If pictures are present, leave them out, and copy the data word for word.

> [Entries taken from a collection]
==*==

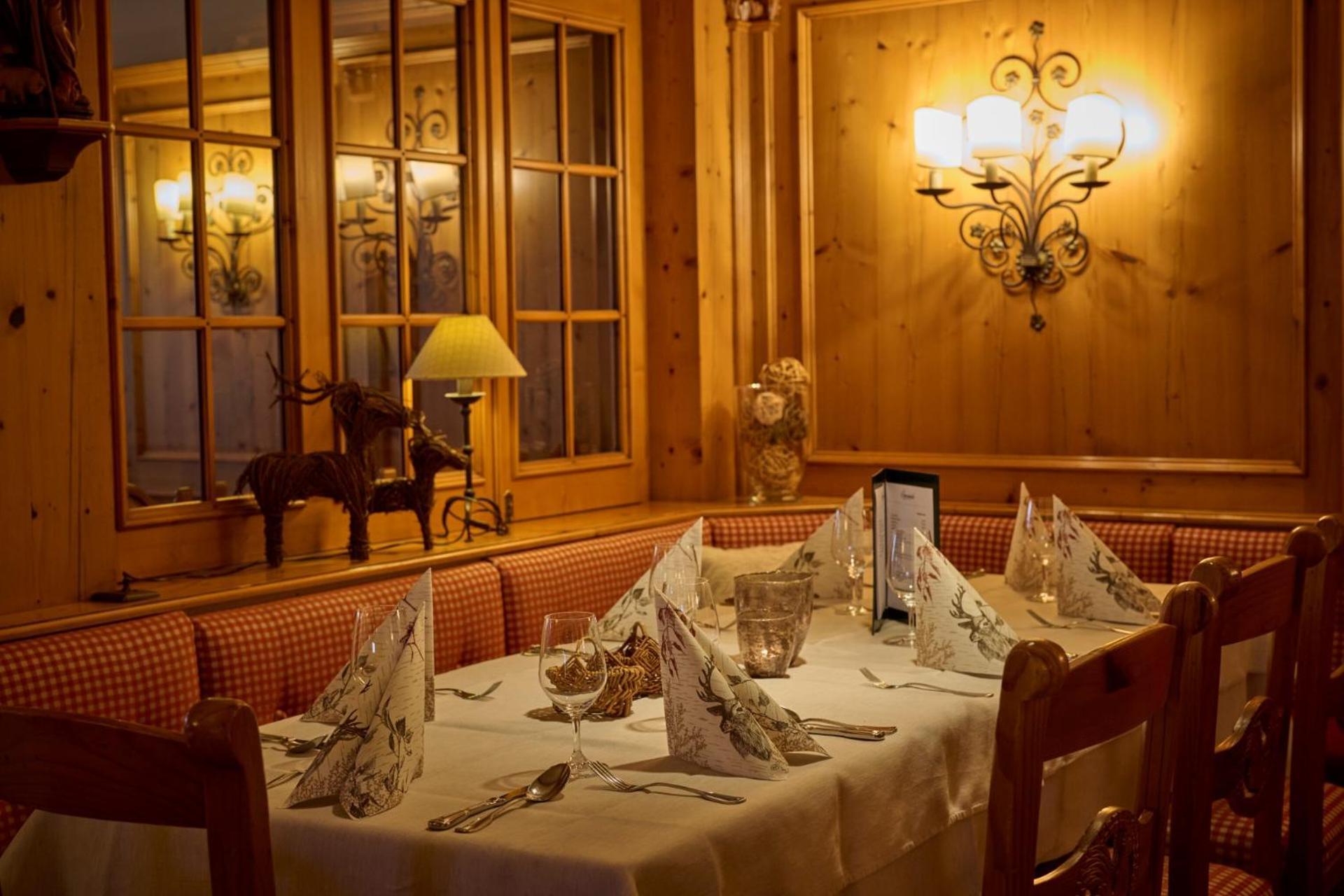 Hotel Waldhaus Foeckinghausen Bestwig Bagian luar foto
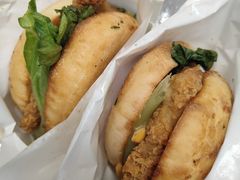 -必胜客(珠海路店)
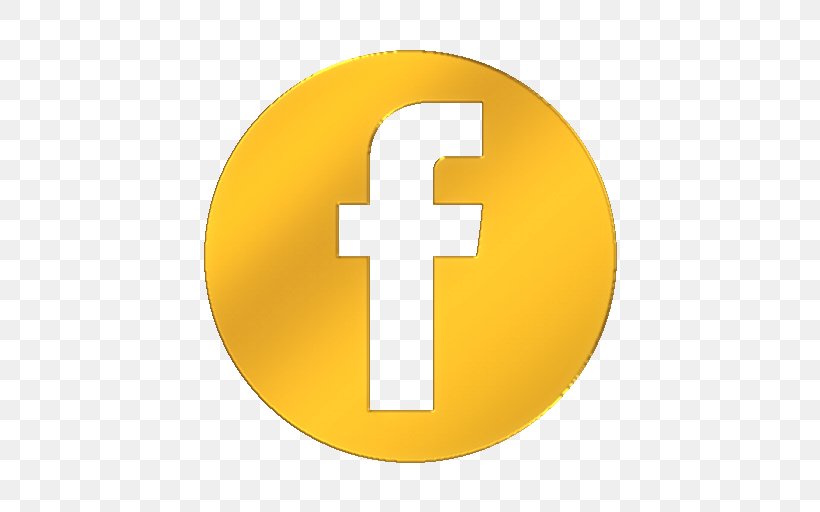 PulseM By Speetra Inc. Facebook, Inc. WhatsApp, PNG, 512x512px, Facebook, Blog, Brian Acton, Computer Software, Email Download Free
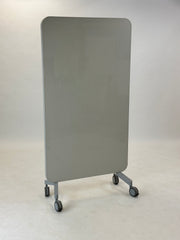 Lintex Mood Fabric Mobile Tavle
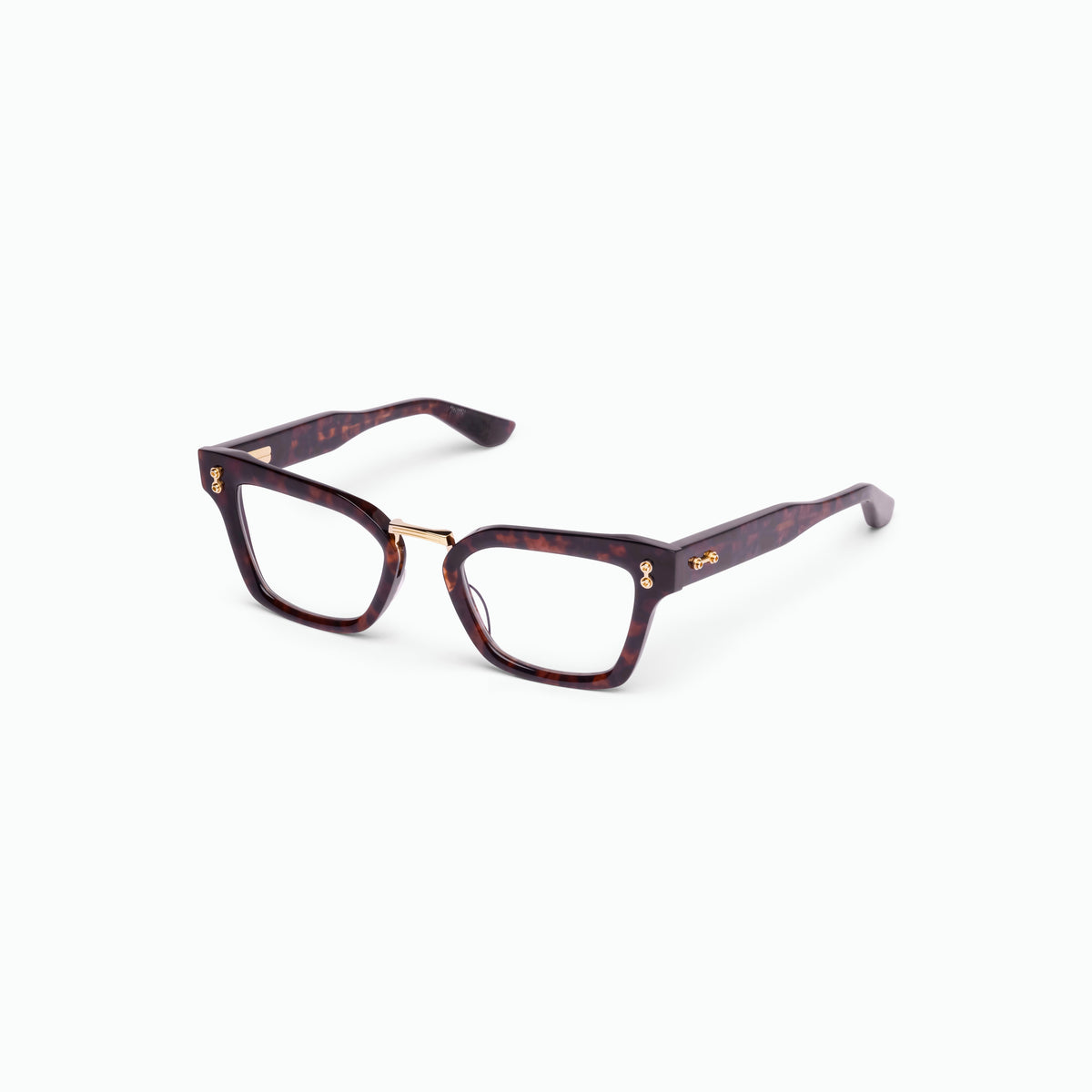 Gafas Graduadas Akoni Luna AKX419 E 49 21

==*==

> [EXERCISE RESULT]
 Hotel Waldhaus Foeckinghausen Bestwig Bagian luar foto
 -必胜客(珠海路店)
 PulseM By Speetra Inc. Facebook, Inc. WhatsApp, PNG, 512x512px, Facebook, Blog, Brian Acton, Computer Software, Email Download Free
 Lintex Mood Fabric Mobile Tavle
 Gafas Graduadas Akoni Luna AKX419 E 49 21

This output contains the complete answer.